Back in 2009, when Congress came close to passing a climate bill, scholars were asking these same questions. One of the people to do the math was economist Bruce Babcock, then at Iowa State, and now a professor at the University of California at Riverside. Babcock calculated that a carbon price would drive up the cost of propane farmers use to dry their corn the diesel that fuels their tractors, and the nitrogen fertilizer spread on their fields. But all those costs could be wiped out if farmers were paid for storing carbon in soil.
A price of $20 per ton of carbon dioxide would increase an Iowa farmer’s costs by about $4.50 an acre, while no-till farming could earn that farmer $8.00 per acre, Babcock calculated. So farmers wind up netting $3.50 thanks to a carbon tax.
The basic math still applies today, but a couple dollars an acre probably wouldn’t convince farmers to make major changes, Babcock said. “A more productive way would be to convince them they have a private benefit from better soil health. Improving soil is the best investment they can do, and carbon is an indicator of healthy soil.”

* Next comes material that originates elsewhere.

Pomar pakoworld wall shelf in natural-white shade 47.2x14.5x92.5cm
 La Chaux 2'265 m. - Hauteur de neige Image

It always depends on the individual farm, but most would be able to adapt to a price on carbon emissions. But adapting to climate change is a different story. “Given how much irrigated agriculture in the West relies on consistent mountain snowfall and Corn Belt agriculture relies on warm summers with abundant rainfall, any disruptive change in climate will have a far greater impact on livelihoods than will the price of carbon,” Babcock wrote.